Improving workflows of quantitative elemental bioimaging using optical profilometry

D.M. Bordin^1,2; T. Lockwood²; M. Westerhausen²; P. Doble¹

1Atomic Medicine Initiative (AMI) & 2HyMaS Laboratory, School of Mathematical and Physical Sciences, University of Technology Sydney

Dayanne.bordin@uts.edu.au

Introduction: Modern laser ablation–inductively coupled plasma-mass spectrometry (LA-ICP-MS) instruments have vastly improved acquisition times for quantitative two-dimensional elemental bioimaging of thin biological specimens. It is a mature technology with an ever-increasing application potential in medical, biological, clinical, forensic, and environmental sciences.

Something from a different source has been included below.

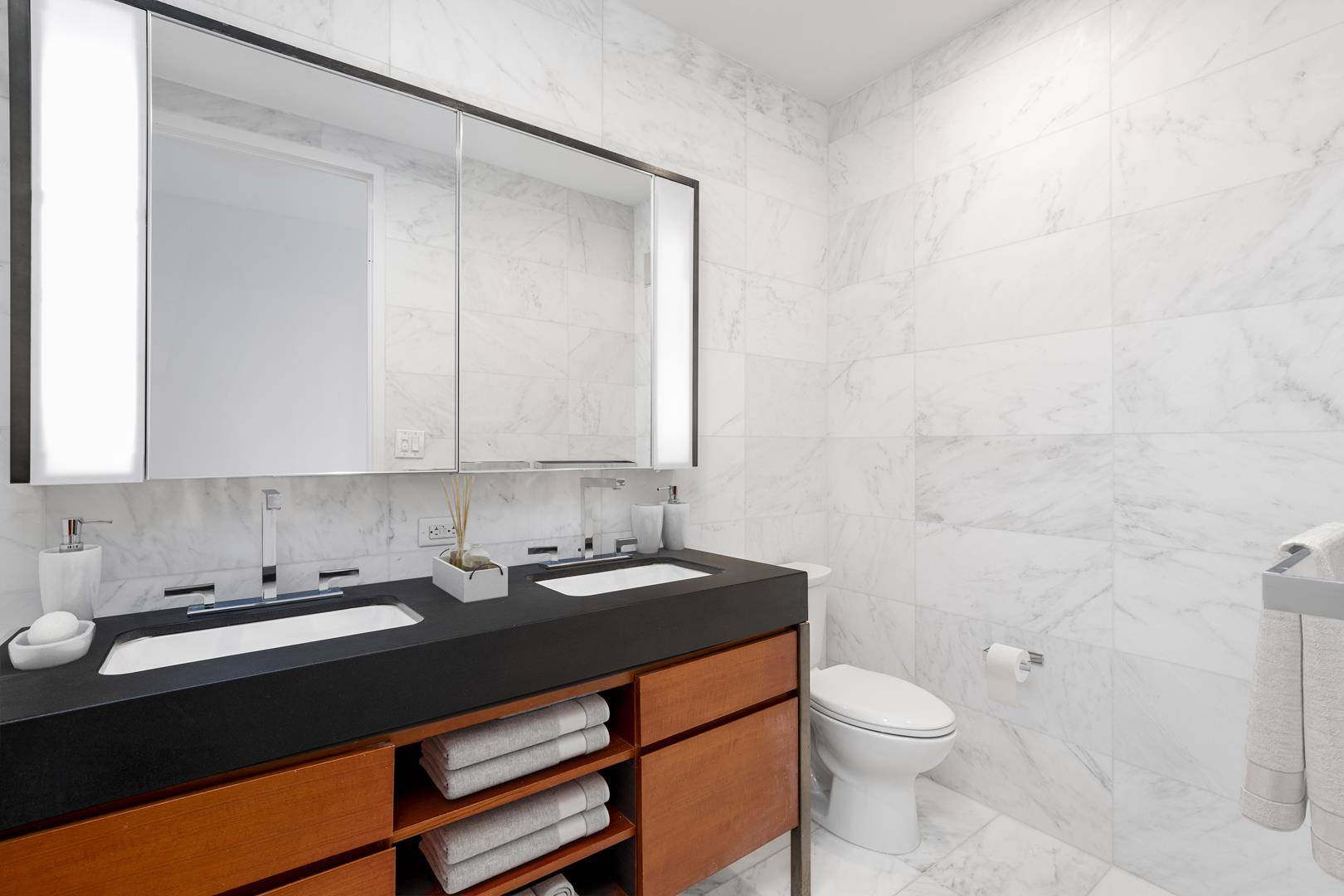 Platinum Properties is proud to present residence 31P at 75 Wall Street.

However, precise and accurate quantification is a persistent challenge due to instrumental drift, matrix effects, and sample thickness variations of disparate cell populations and densities, or irregular and inconsistent cutting procedures. Typical analytical workflows remove all tissue from the sample substrate, usually glass microscope slides. Effective methods to overcome instrumental drift and matrix effects are well developed, however, specimen thickness variations and cutting artefacts are usually ignored or presumed non-significant contributors to method statistical uncertainties [1-3].

Method: We propose a novel approach to minimise contributions of statistical method uncertainties associated with calibration standards and specimen thickness variations and anomalies by introducing volume normalisation to the analytical workflow using optical profilometry. Ablated volumes per voxel were measured to normalise ablated mass differences by calculating the volume of standard removed during calibration post-ablation, and pre-ablation acquisition of detailed maps of sample thickness and surface topography. This approach was cross-validated by non-contact mode atomic force microscopy (NC-AFM) measurements [2-3].

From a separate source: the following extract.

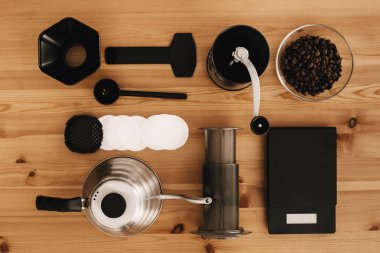 Çelik su ısıtıcısı, ölçek, filtre, El değirmeni, aeropress, kahve b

Results: Our data demonstrated that the integration of ablation volume normalization improved the precision, accuracy, and reliability of quantification, particularly for heterogeneous tissue structures. Profilometry data highlighted discrepancies between the assumed tissue thickness (30 µm) and the actual average tissue thickness (15 µm), which is crucial for accurate quantification procedures. Despite variations in concentration, the elemental distribution in areas of interest remained consistent. However, normalisation proved critical in addressing concentration variations in thicker regions and improving the correlation between elemental concentrations and tissue characteristics. Additionally, while C12 and phosphorus were considered as potential internal standards or tissue thickness indicators, they showed weak or no meaningful correlation with tissue thickness or profiles. This integrated approach represents the first report to overcome the final challenge of absolute quantification workflows, advancing our understanding of elemental distributions in biological samples. Ultimately, this facilitates discoveries of hidden biochemical pathways where elements play a significant role, such as in cancer pathogenesis and regenerative medicine.

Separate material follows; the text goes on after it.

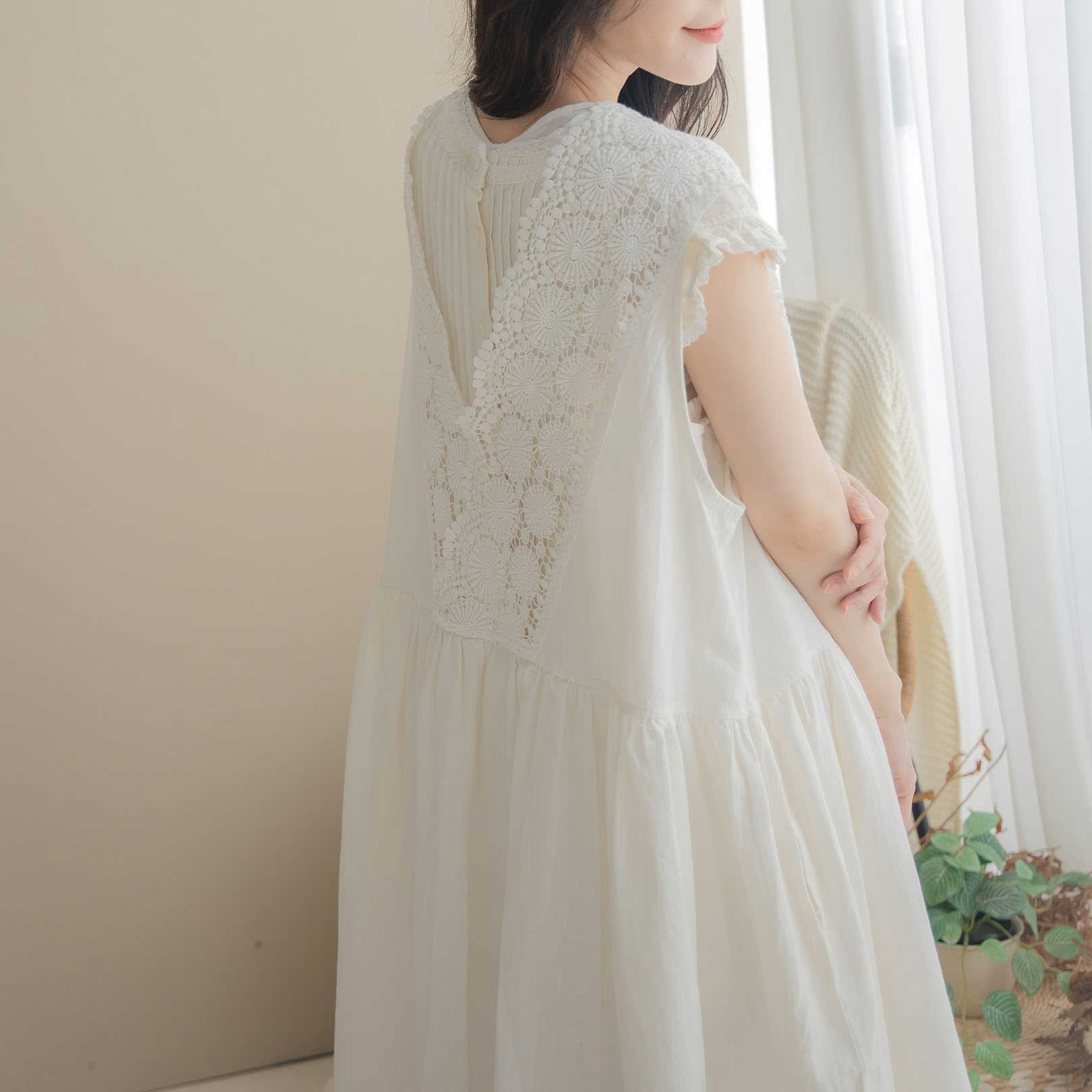 待望入荷!ワンピース「前後に咲く贅沢な刺繍レース、心ときめく大人の装い」素肌を抱く高密度生地が、四季の重ね着に安心と彩りを添える一着 【オフホワイト 白色】【リネン100% 麻100%】 「再販売 春 夏 秋 冬 服」【124036】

Figure 1. Elemental distribution profiles of a meningioma tissue sample analysed using both methods—with and without volume normalisation

References

[1] P.A. Doble, R. Gonzalez de Vega, D.P. Bishop, D.J. Hare, D. Clases; Chem. Rev., 2021, 121, 11769–11822.

[2] T.E. Lockwood, M.T. Westerhausen, P.A. Doble; Anal. Chem., 2021, 93, 10418–10423.

[3] M.T. Westerhausen, T.E. Lockwood, R. Gonzalez De Vega, A. Röhnelt, D.P. Bishop, N. Cole, P.A. Doble, D. Clases; Analyst, 2019, 144, 6881.